Short web captions
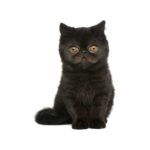 Le Guide du Chat - Exotic Shorthair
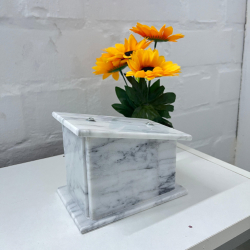Urna White 1
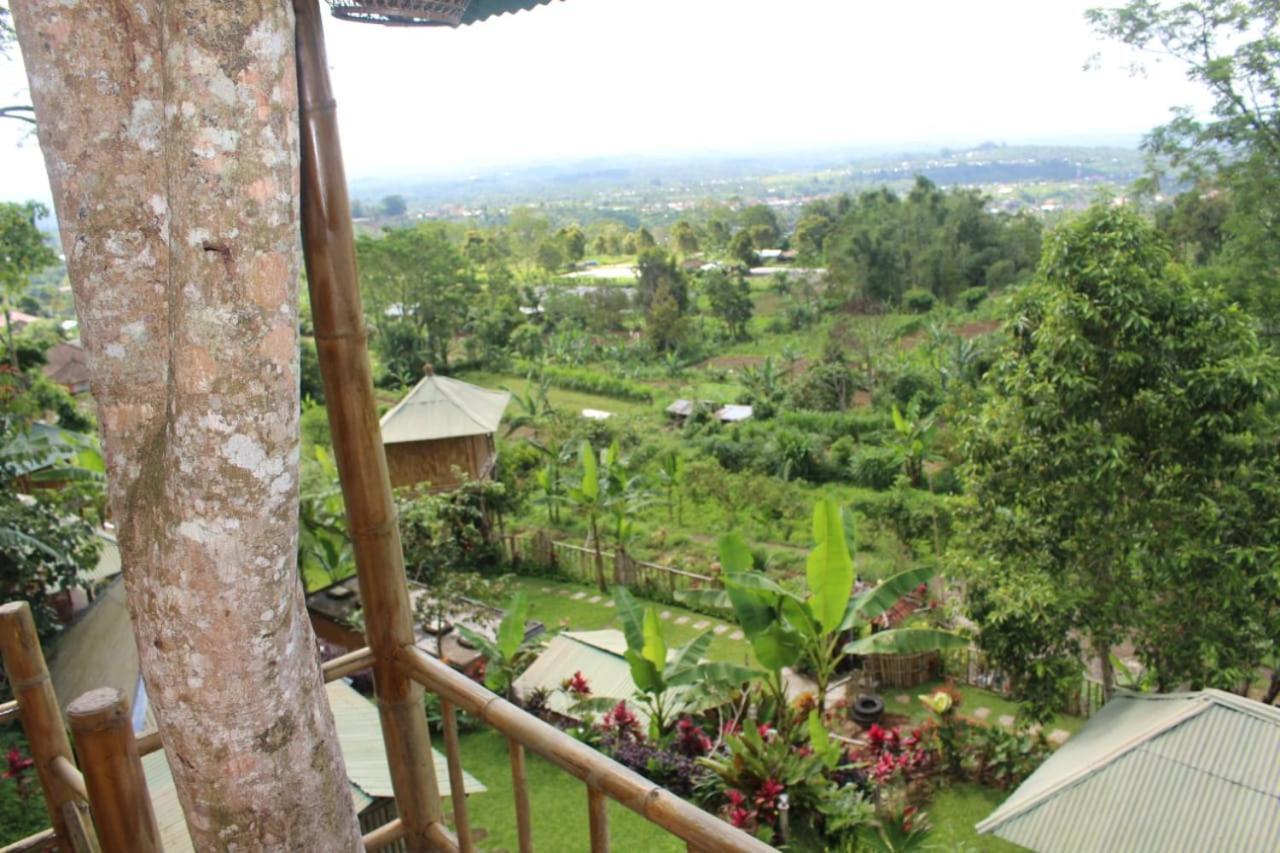 Bali Tree House Pelangi Daire Bedugul  Dış mekan fotoğraf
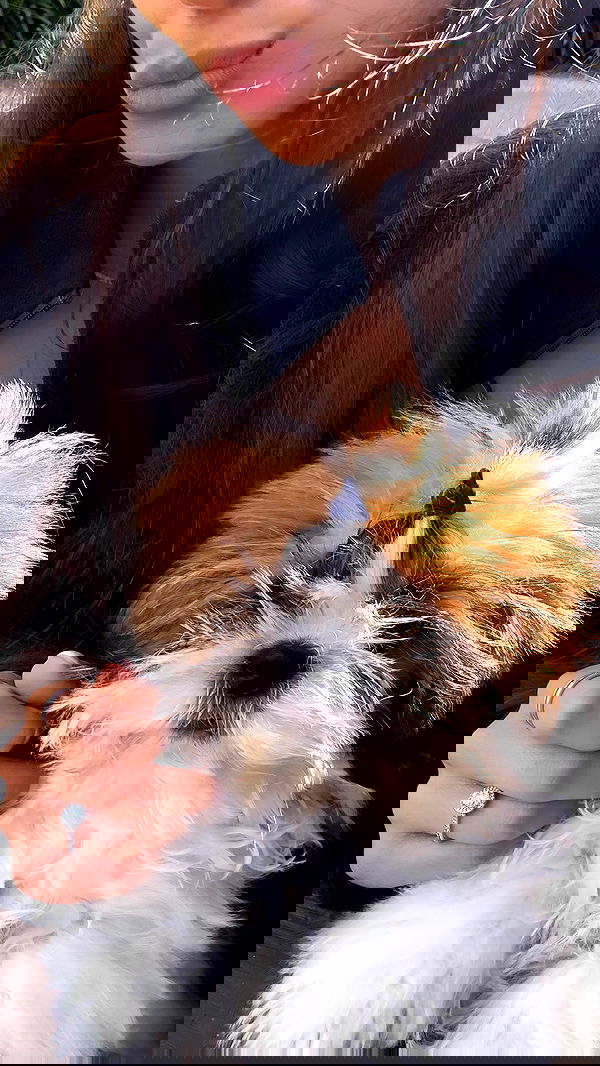 noammalka___ noammalka___ archive image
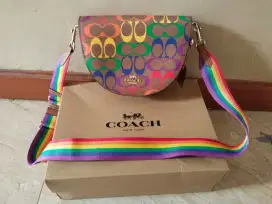 Rainbow Coach Bag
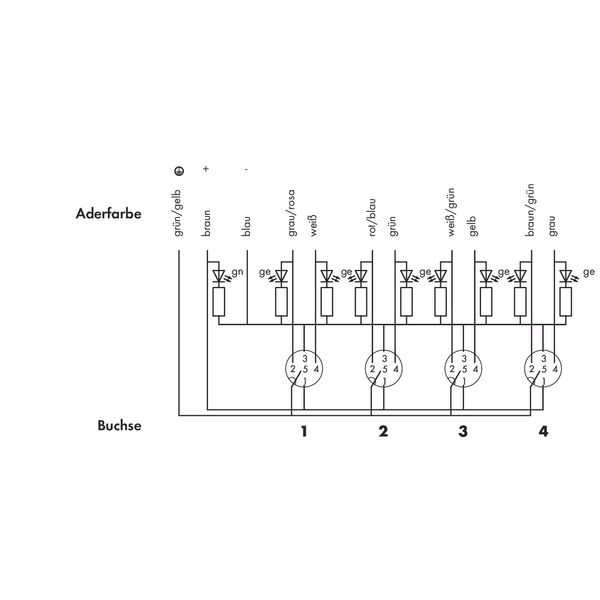 M12 sensor/actuator box 4-way 5-pole image 3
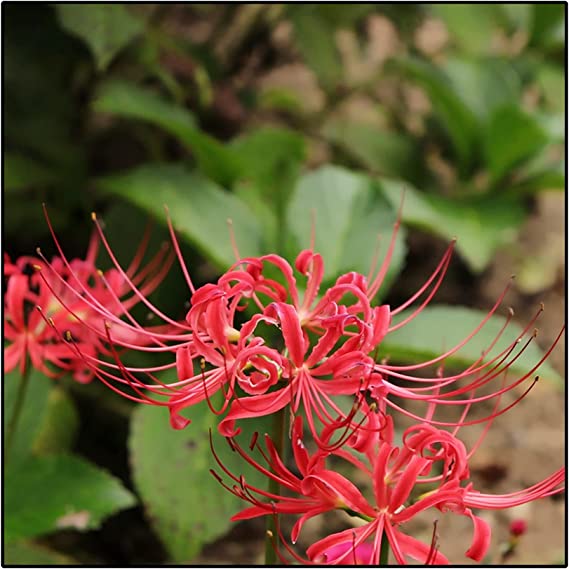 Surprise Lycoris Spider Lilies Bulbs Radiata Hurricane Lily Cluster Amayllis Growing Bonsai Roots Rhizomes Corms Tubers Potted Planting Reblooming Fragrant Garden Species Blooms Flower Seeds Plant Gardening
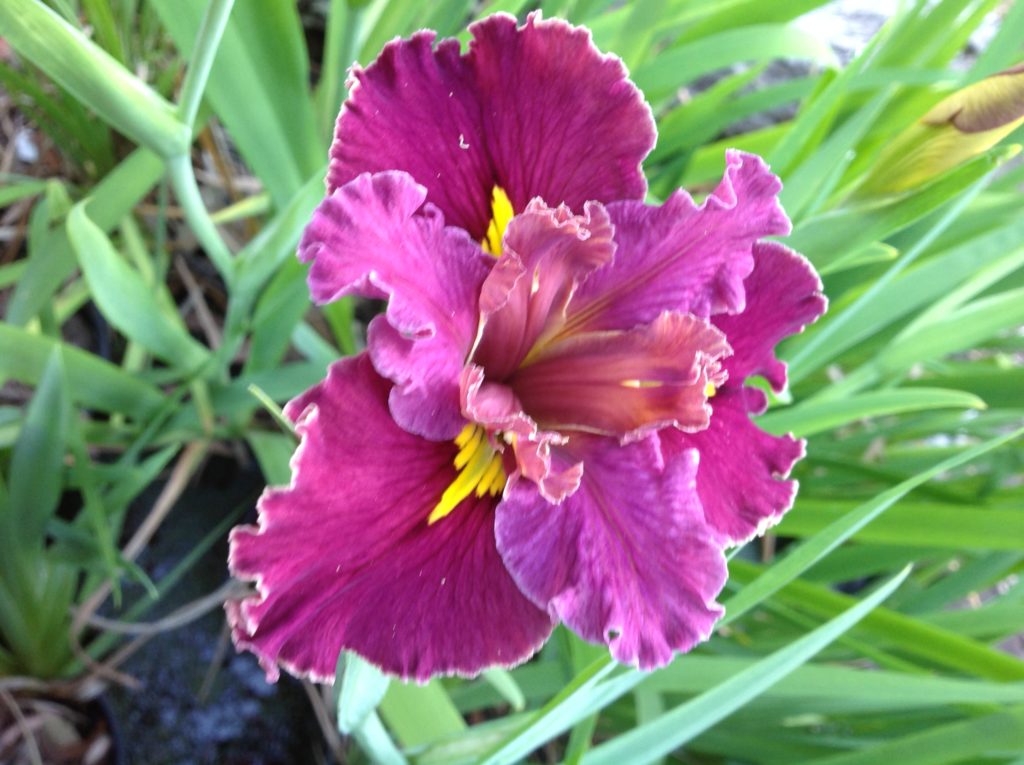 'Tamarillo Tango' Louisiana Water Iris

**WHAT TO PRODUCE**. Set out, exactly as given, the line that contains "Surprise Lycoris Spider" along with each line after it through the end of the records above; omit the pictures.

**YOUR RESPONSE**.
 Surprise Lycoris Spider Lilies Bulbs Radiata Hurricane Lily Cluster Amayllis Growing Bonsai Roots Rhizomes Corms Tubers Potted Planting Reblooming Fragrant Garden Species Blooms Flower Seeds Plant Gardening
 'Tamarillo Tango' Louisiana Water Iris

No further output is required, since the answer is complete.